I am beginning to think that I am secretly a bear. I definitely have the social skills of one. I am as voluble as a bear during hibernation, and as attached to my room as a bear to its cave. In all honesty, I am continuously amazed anyone still wants to talk to me given how bad I am at keeping in touch. The simple reality is that I function in a state of amazement. I have rewritten this paragraph so many times; I can find no better way to describe this. I function like a stunned being. I go through the motions I see in other people; I do what it takes to be functional in this world. But deep down, I am paralysed.
I once saw a huge bull being taken to the slaughterhouse. I was in my monastery in Moldavia at the time. The animals know. The know perfectly well that behind that big door there is death. Many of them go wild, and desperation takes over. Some times, their hearts fail and they collapse, so they have to be dragged inside. I remember this bull: a huge, beautiful animal. I remember its stare. Its muscles had completely frozen; there was no movement at all – not a blink, not a sound. At the centre of that heard of bellowing animals, fighting to escape death, I remember that hollow, frozen gaze as the bull was pushed by three men towards the gate, inside the slaughterhouse.
I function very much like that stunned animal. When I look in the mirror (which I purposely try not to do) I recognise that gaze. There is something of that in everyone. Often times, I switch off as people talk to me about their holidays and homes and plans. I switch off and I try to recognise that frozen gaze in their eyes: beyond the noise, beyond the superficial glitter of life, that hollowness is always there.
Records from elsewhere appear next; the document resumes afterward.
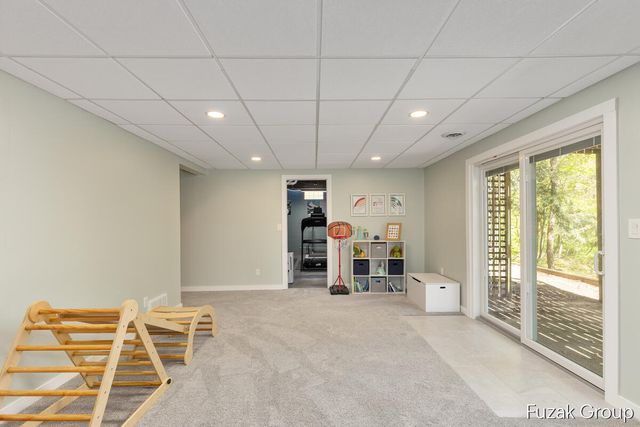 15780 Ridge Lane, Spring Lake, MI 49456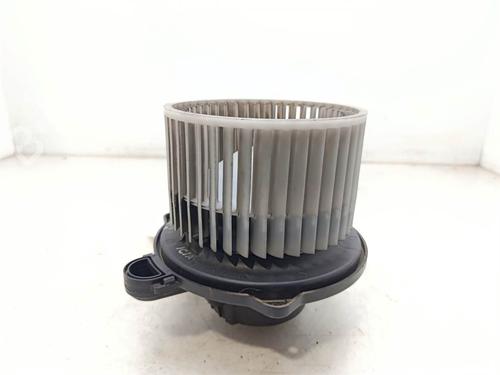 Heater blower motor KIA CEE'D Hatchback (ED) | BP38411123M62 - Image 3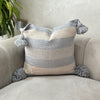 Housse de Coussin à pompons 50cmx50cm Gris crème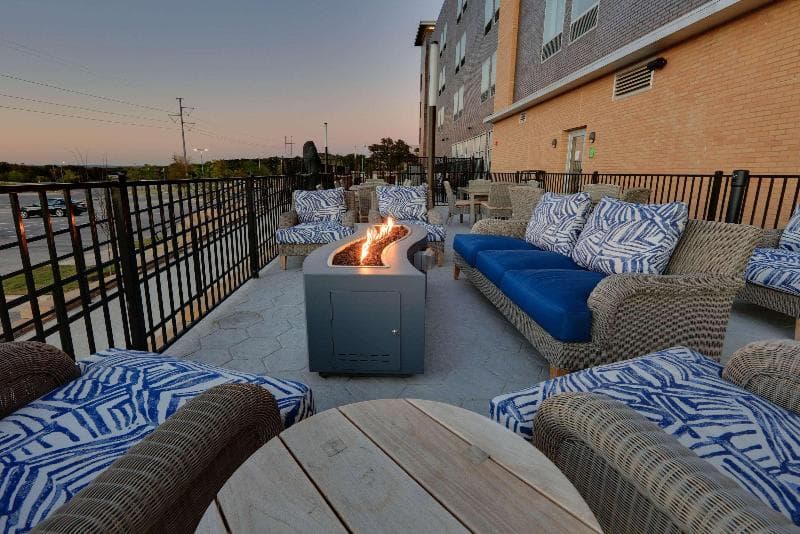 La Quinta Inn & Suites by Wyndham Lakeway 4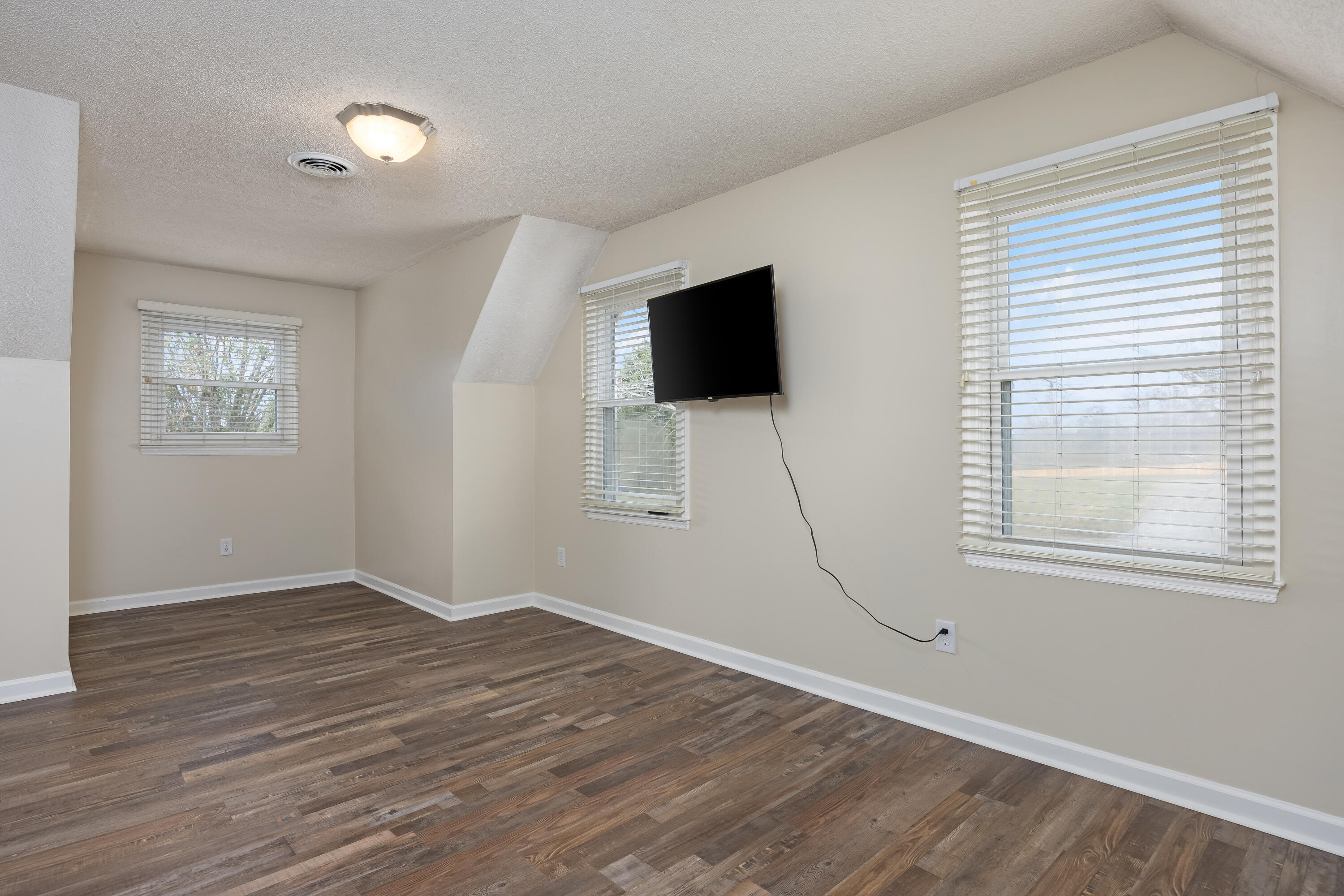 3980 Bow Street Cleveland, TN 37312 - Photo 28 of 52 3rd Bedroom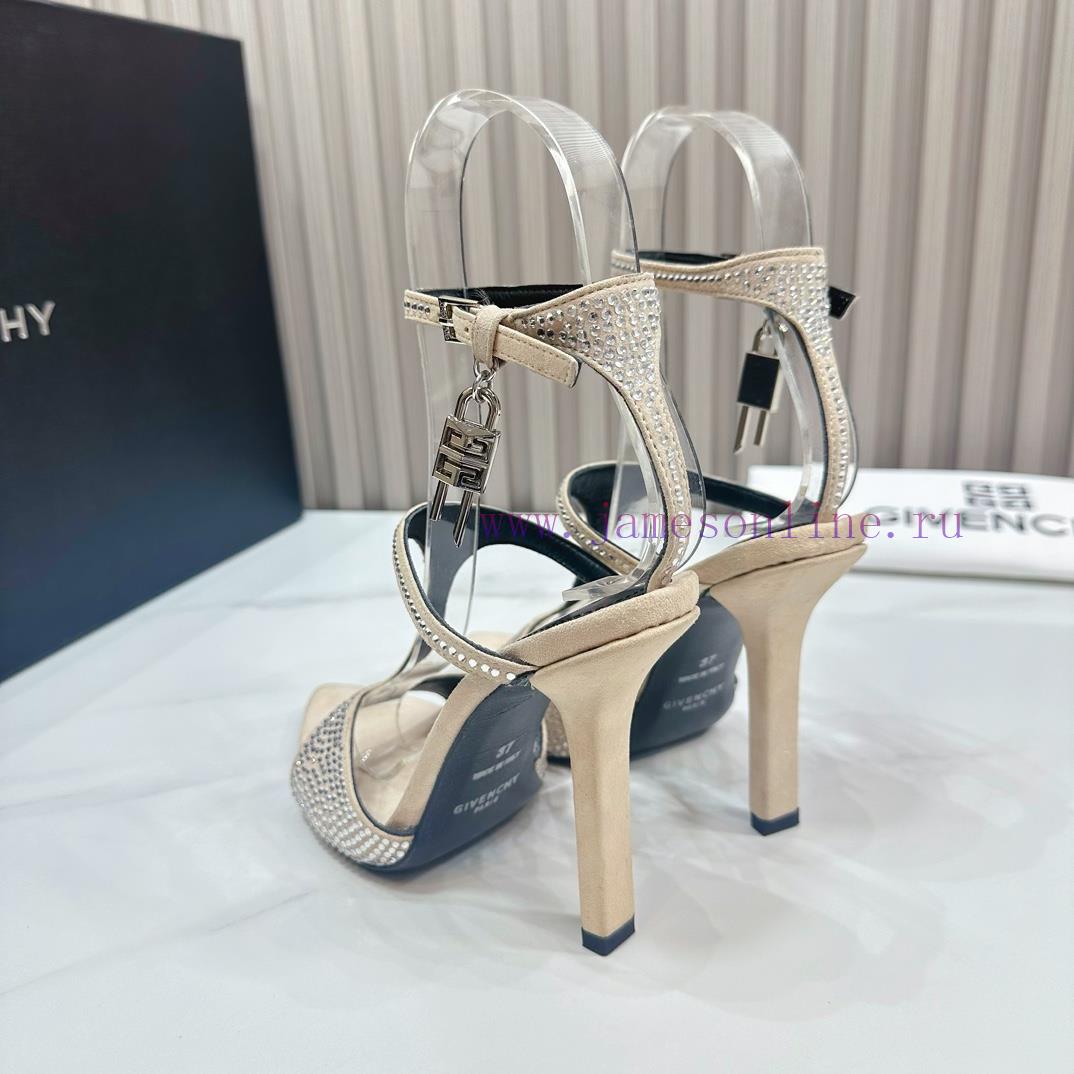 2024 SSS launches GIVENCHY spring/summer collection - the brand's iconic retro elegance conth0yzppe6 - Image 9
It is imprinted in us. It is part of what makes us who we are, part of what makes us human.
I suppose this is my apology for failing to always keep ‘on schedule’ with posting here, recording our podcasts and so on. I am sorry. I am aware I should be doing more, especially as many of you continue to support the monastery even through these periods of silence. Perhaps you feel something. Perhaps you yourselves recognise something in this silence.
I have prayed to make sense of this desperation. I live with a perfect hope that we shall all survive the slaughterhouse, but this hope comes with an equally perfect awareness of the hollowness of this life. I have prayed to make sense of this. I have also prayed that I loose neither the hope, nor the desperation; living with both creates an intense tension, and that tension feeds my heart. I have an intuition that this tension will lead me to Life.
If I have learned something so far, it is that I must protect and treasure this life, because the seed of Life is buried in it. The hollowness of this life, its senselessness, its pain have taught me that I myself can only get as far as the gate of the slaughterhouse. If there is any hope to make it beyond that gate, if there is any hope to survive it, it does not come from me. I cannot be my own saviour. I cannot be anyone’s saviour. This is a tough lesson to learn and impossible to fully accept without the grace of God. I am nothing without a Saviour. It is a tough lesson, but we cannot run away from it. Horrid as it feels, this is the foundation of all our hope.
Just think how different things could have been, had Adam stared into his own hollowness and accepted it, instead of collapsing at the feet of the devil. Had Adam accepted this truth, had he accepted that he cannot be his own saviour, has he reached out for a Saviour, this world would have known a different history. Perhaps this is the point of it all: to learn the lesson Adam has not; to stare into the hollowness of our being and not despair, to not collapse as he did, because we know that a Saviour has taken on the form of this hollowness and lifted it up to Life.